I Love That Black-ish Took on Colourism, But It Missed One Big Thing

The show's "Black Like Us" episode is a must watch

(Photo: Getty)
(Photo: Getty)

It’s not often you get to see a discussion about colourism in the Black community depicted on a mainstream television show. In fact, if I’m honest, it’s never. So, it was refreshing and cathartic to tune into a recent episode of Black-ish and see a Black family getting into it over light-skin privilege and “team dark skin.” If these phrases mean nothing to you, you are lucky. It means that you live in a world where your skin colour is validated, where your complexion isn’t used to make assumptions about you, and where your beauty is not pegged to your proximity to whiteness. As discussed in Black-ish season 5, episode 10, that is not the case for everyone.
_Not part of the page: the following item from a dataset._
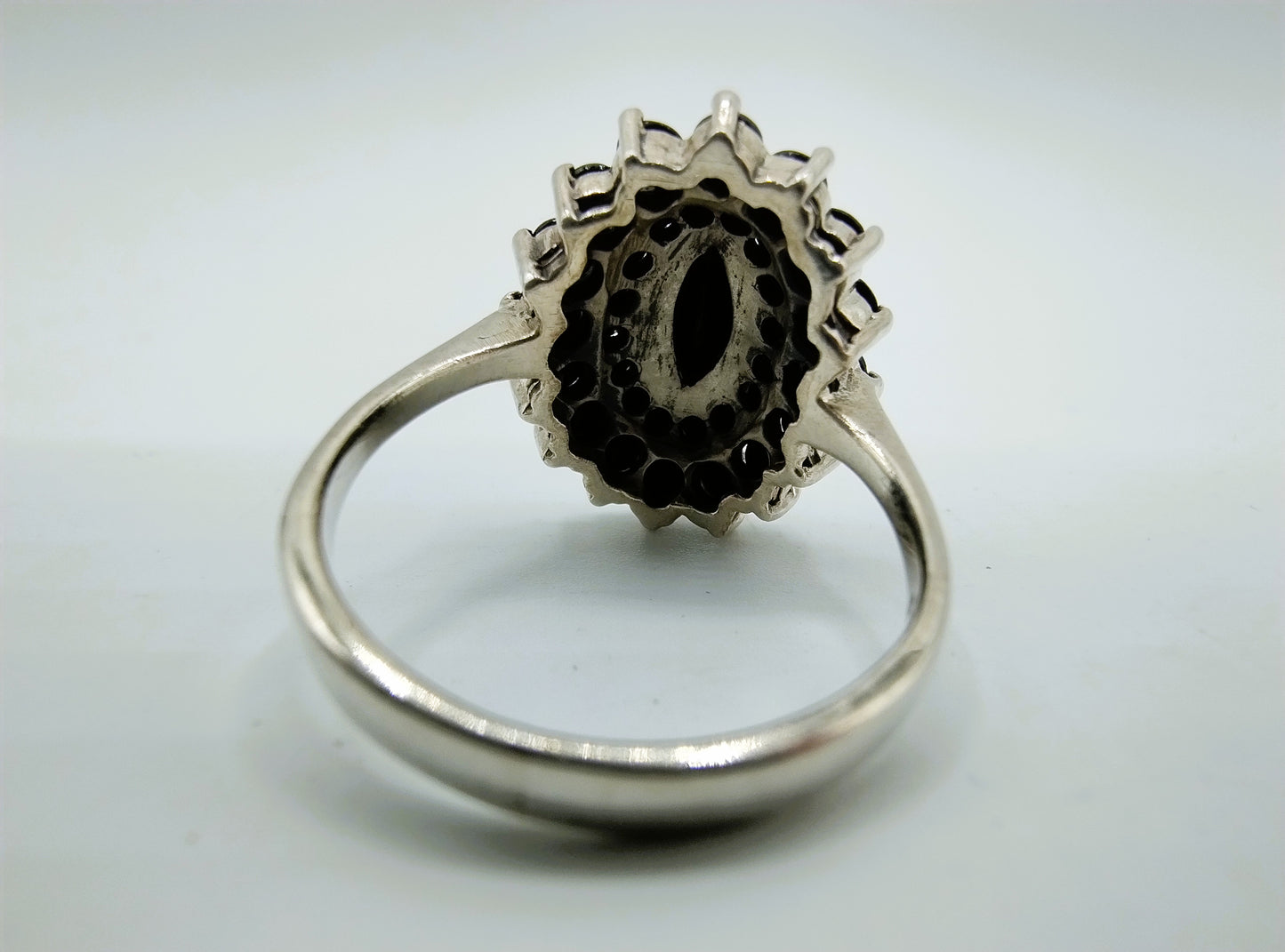 Zilveren ring met geslepen gitten, 18 mm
In her autobiography We’re Going to Need More Wine, Gabrielle Union describes the issue of colourism by saying, ”It’s an age-old ‘us against us’ oversimplification, that boils down to the belief that the lighter your skin tone, the more valuable and worthy you are.  The standard of beauty and intelligence, that has historically been praised by the oppressor, has been adopted by the oppressed.”

In Black-ish’s “Black Like Us” episode, written by the show’s executive producer Peter Saji, parents Rainbow (Tracee Ellis Ross) and Dre (Anthony Anderson) discover that the lighting used for their daughter’s school picture was not conducive to photographing Black skin. As a result, like many Black kids before her, Diane (Marsai Martin) is literally faded into the shadows and can barely be seen. The show then veers into a discussion about colourism, addressing the stereotypes that often come with being light-skin, like the idea that light-skin men are ‘soft,’ as well as the discrimination that both dark-skin and light-skin Black people deal with.
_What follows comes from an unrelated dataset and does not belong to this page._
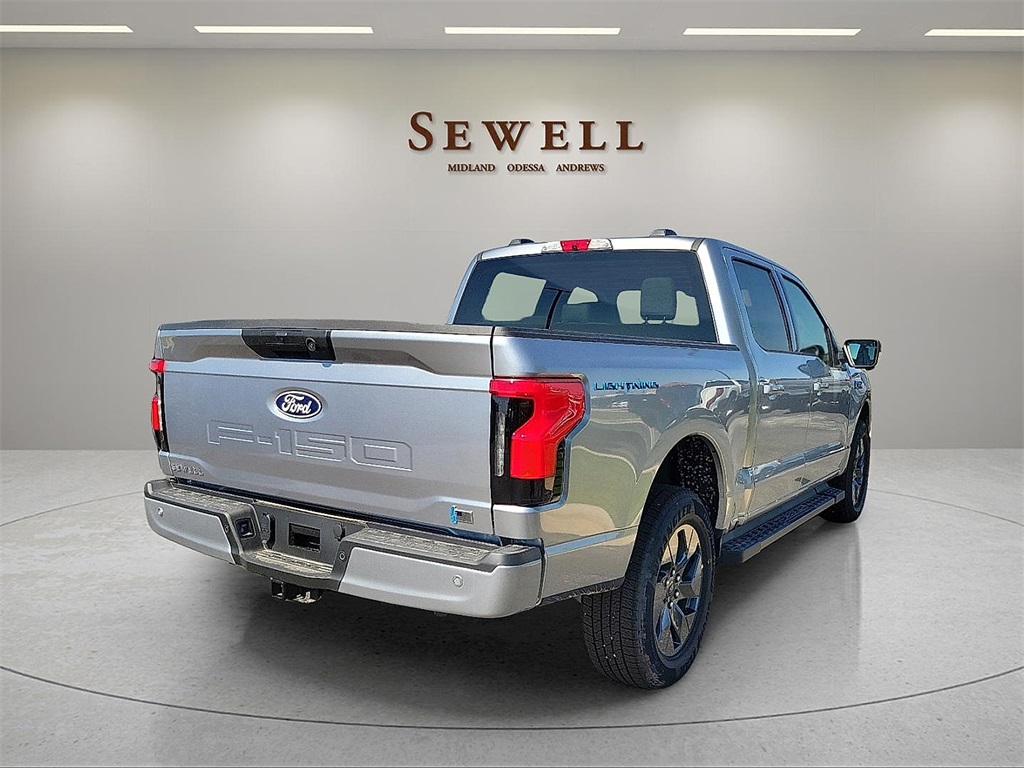 2025 Ford F-150 Lightning photo 4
“Diane, I had no idea that this hurt you so much,” Rainbow says when Diane confronts her family.

“How could it not?” responds Diane. In the scene, clips showing how dark-skin women face different beauty standards, are told they’re “gorgeous for a dark-skinned girl” and are overlooked by major companies (e.g. bandages that only cater to pale people) flash on screen. “It’s everywhere I look. It’s everyone I talk to.”

When I think about how this makes me feel as a dark-skin Black woman, and the messages it sends to my dark-skin daughter or my light-skin son, about the value ascribed to dark-skin women, there’s an overwhelming wave of despair. Like many Black siblings—and the kids portrayed in Black-ish—my kids are two different shades of brown. The range of shades in our family runs the gamut, as the show says, “from Mariah Carey to Wesley Snipes.” For me, this has meant enduring questions, often from complete strangers about whether my children have different fathers, and repeatedly hearing compliments about my beautiful light-skin baby son but rarely about my dark skin-daughter.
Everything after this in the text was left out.